EMC: support for the projected coordinate systems

Earth models are often defined on a geographic grid that follow lines of constant latitude and longitude. However, for some models, a projected coordinate system, such as UTM, is preferred because it results in less local distortion.

In 2010, when the netCDF file format was first adopted by EMC, the targeted models were often expressed in the geographic coordinate system, and therefore, the EMC’s netCDF format definition included the coordinate variables latitude and longitude (Table 1, left), 2D model variables (e.g., thickness) with latitude and longitude dimensions, and the 3D variables (e.g., velocity) with latitude, longitude, and depth dimensions. As the number of models expressed in projected coordinate systems is increasing, the EMC’s netCDF format is extended to support such models.

The extended EMC netCDF format includes both the projected coordinate system variables (x and y) and the geographic latitude and longitude variables that are defined as a function of the primary x and y coordinate variables (Table 1, right). These two-dimensional latitude and longitude coordinate variables allow users to quickly switch between the model’s projected coordinates and the geographic latitudes and longitudes. In this extended netCDF format, the x and y of the projection coordinate system become the primary coordinates, and the geographic latitude and longitude, which depend on x and y, represent the auxiliary coordinate variables. The directions of the primary coordinate variables are defined by adding the axis attribute to the x and y coordinate variables. The model variables (thickness and vp in Table 1, right) are now defined based on the primary x and y coordinate variables, and are tied to the auxiliary coordinate variables via the coordinates attribute.

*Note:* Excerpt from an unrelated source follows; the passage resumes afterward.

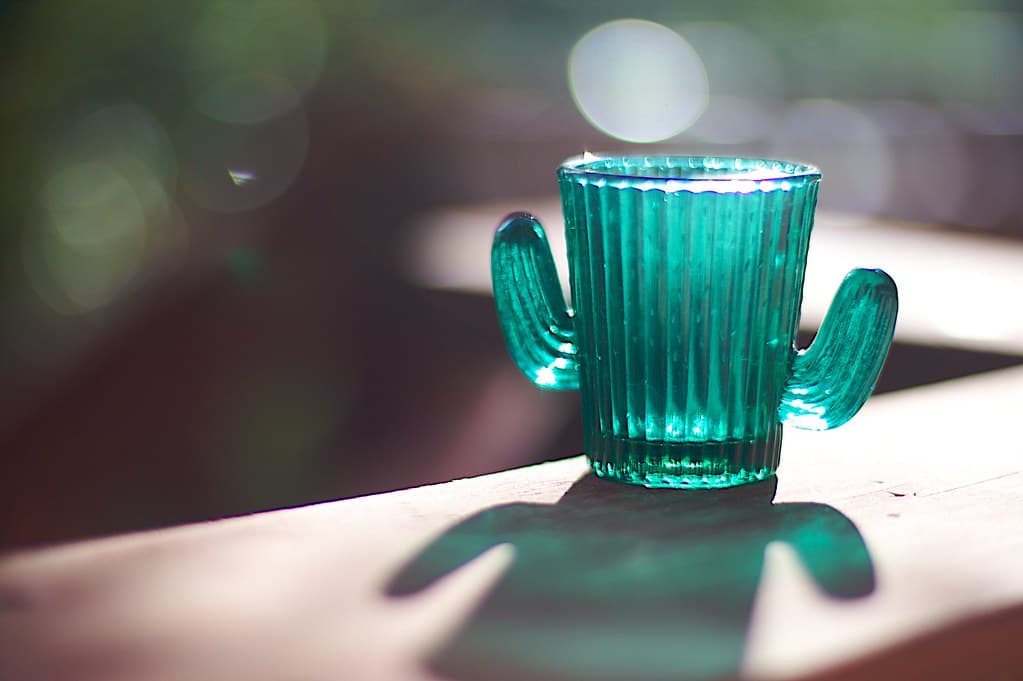 Depth of Field, Eh? Hands Up, I Got Bokeh!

Table 1. A comparison of dimensions and variables in a classic EMC model with geographic coordinates (left), and in an extended EMC model with a projected coordinate system (right).

dimensions:

depth = 5;
latitude = 10;
longitude = 20;

variables:

double longitude(longitude);
.
.
double latitude(latitude);
.
.
double depth(depth);
.
.
double thickness(latitude, longitude);
.
.
double vp(depth, latitude, longitude);
.
.

dimensions:

depth = 5;
y = 10;
x = 20;

variables:

float y(y);
y:axis = "Y";
.
.
float x(x);
x:axis = "X"
.
.
double depth(depth);
.
.
double latitude(y, x);
.
.
double longitude(y, x);
.
.
double thickness(y, x);
.
thickness:coordinates = "longitude latitude";
.
double vp(depth, y, x);
.
vp:coordinates = "longitude latitude";
.

Data extraction and grid mapping

In the following simple Python 3 code snippets, we use the xarray to demonstrate that data from model files with two-dimensional latitude and longitude are accessible using either the coordinate indices, the primary coordinates, or the geographic coordinates. In these examples, we access the shear velocity (vs) data from the nz-atom-north-chow-etal-2021-vp+vs-crust.r0.0-n4.nc (metadata) file of the New Zealand Adjoint TOMography velocity model by Chow et al. (2022).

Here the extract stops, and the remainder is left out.